CS1674: Homework 7

Due: 11/1/2023, 11:59pm

This assignment is worth 50 points.

In this assignment, you will develop two variants of a scene categorization system. You will write three functions and two scripts. The first function will compute the spatial pyramid match representation. The second and third will find labels for your test images, using two classifiers: K nearest neighbors (KNN), and support vector machines (SVM). In the scripts, you will call your first function to compute the SPM representation, then compare the performance of different levels of the SPM representation, and different classifiers. Please read the entire assignment before you start working.

Download the images and SIFT features contained in the scenes_lazebnik.zip file on Canvas. This file contains the dataset split across eight folders, for eight classes/categories. All images in a subfolder (e.g. "coast") belong to the same category. For each sample, the dataset includes the image, a resized image (to be used in a later assignment) and a .mat file containing SIFT features for this image.

Next, download the load_split_dataset.m file from Canvas. This script is the first thing you should run. It assigns the following variables:

train_images (matrix of size Mx2 where M is the total number of training images; it contains the height and width for each training image, which you need for the spatial pyramid representation),
train_sift (a cell array of size Mx1, where each cell entry contains the values and locations of the SIFT descriptors for the training images; remember that we index cell array entries as {i} not (i)),
train_labels (vector of size Mx1, containing the labels for each training image),
test_images (matrix of size Nx2, where N is the total number of test images),
test_sift (cell array of size Nx1),
test_labels (vector of size Nx1).

There are 150 images total for each class, and this script splits them into 100 per class for training, and 50 for test. It also runs K-means to obtain a means variable (of size KxD, where K is the number of clusters and D is the feature dimensionality, explained before) which you will need. You will get a warning that K-means failed to converge-- that's ok; we can ask it to run for more iterations, but for expediency, we won't.

For each image, the corresponding .mat file contains two variables: f and d. Each column in the first variable matches a column in the second variable; both correspond to the same descriptor. You need the first two entries in each column of f to determine the (x, y) coordinates of the descriptor scored in that column of d. For reference, it's worth noting that the SIFT features for each image were extracted for you using the vl_sift function of the VLFeat package.

While the load_split_dataset script loads the SIFT descriptors, the features we will actually use to classify aggregate all SIFT descriptors per image. You will do this in computeSPMRepr, and use this representation in your compare_representations and compare_classifiers scripts, explained below. You should save your training/test features in matrices train_features and test_features of size MxD and NxD, with D defined below.
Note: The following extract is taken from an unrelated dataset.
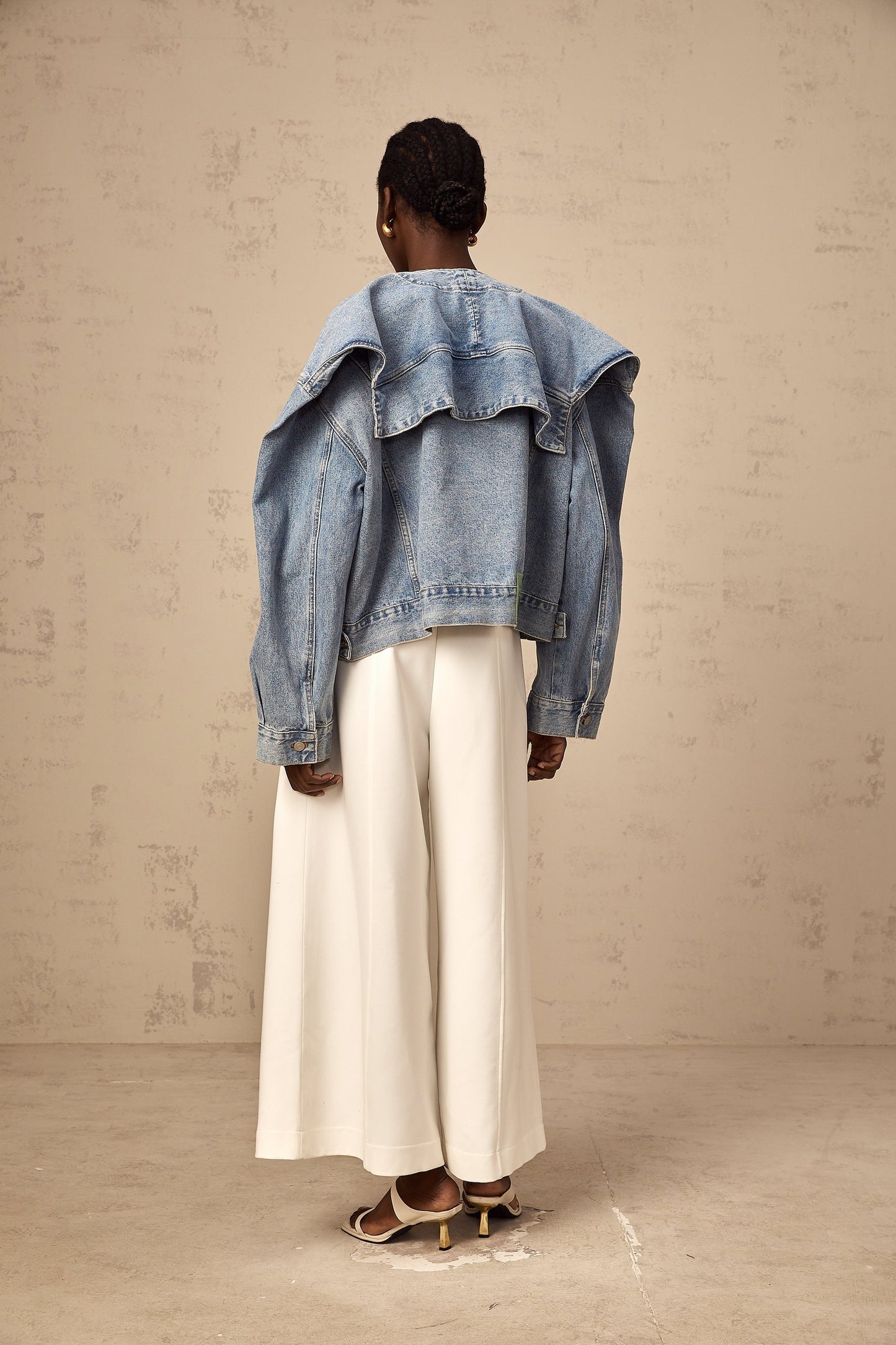 A light blue denim jacket without a collar worn by a model against a plain background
You will also need the train_labels and test_labels from above.

Part I: Computing the SPM representation (10 points)

The Spatial Pyramid Match (SPM) representation was proposed in 2006 by Svetlana Lazebnik, Cordelia Schmid and Jean Ponce, and won the "test of time" award at CVPR 2016. The procedure of computing the pyramid is summarized in the following image from the paper, and described below. You will only construct the first two levels (level-0 and level-1).

Write the following: function [pyramid, level_0, level_1] = computeSPMRepr(im_size, sift, means); which computes the Spatial Pyramid Match histogram as described in class.

Inputs:

im_size is the image size [height width] for an image,
sift are the SIFT features for the image, and
means are the cluster centers from the bag-of-visual-words clustering operation (computed on the training images in load_split_dataset).

Outputs:

pyramid is a 1xD feature descriptor for the image combining the level-0 and level-1 of the spatial pyramid match representation.
level_0 is the standard bag-of-words histogram, and
level_1 is the bag-of-words histogram at level-1 (i.e. one histogram for each quadrant of the image).

Instructions:

[2 pts] First, create a "bag of words" histogram representation of the features in the image, using the function function [bow] = computeBOWRepr(descriptors, means) that you wrote for HW4 (if your function does not work, you can use the one provided on Canvas). This will give you the representation shown in the left-hand side of the figure above, where the circles, diamonds and crosses denote different "words". In this toy example K = 3; in your submission, use K = 50. This forms your representation of the image, at level L = 0 of the pyramid.
[7 pts] Then, divide the image into four quadrants as shown below. You need to know the locations of the feature descriptors so that you know in which quadrant they fall; these are stored in the f variable in each SIFT file. Compute four BOW histograms, using the computeBOWRepr function, but generating a separate BOW representation for each quadrant. The concatenation of the four histograms is your level-1 representation of the image. The size of this representation is 1x(4*K).
[1 pt] Finally, concatenate the level-0 and level-1 representations computed in the above steps. This will give you the final image representation, and should be saved in the pyramid variable.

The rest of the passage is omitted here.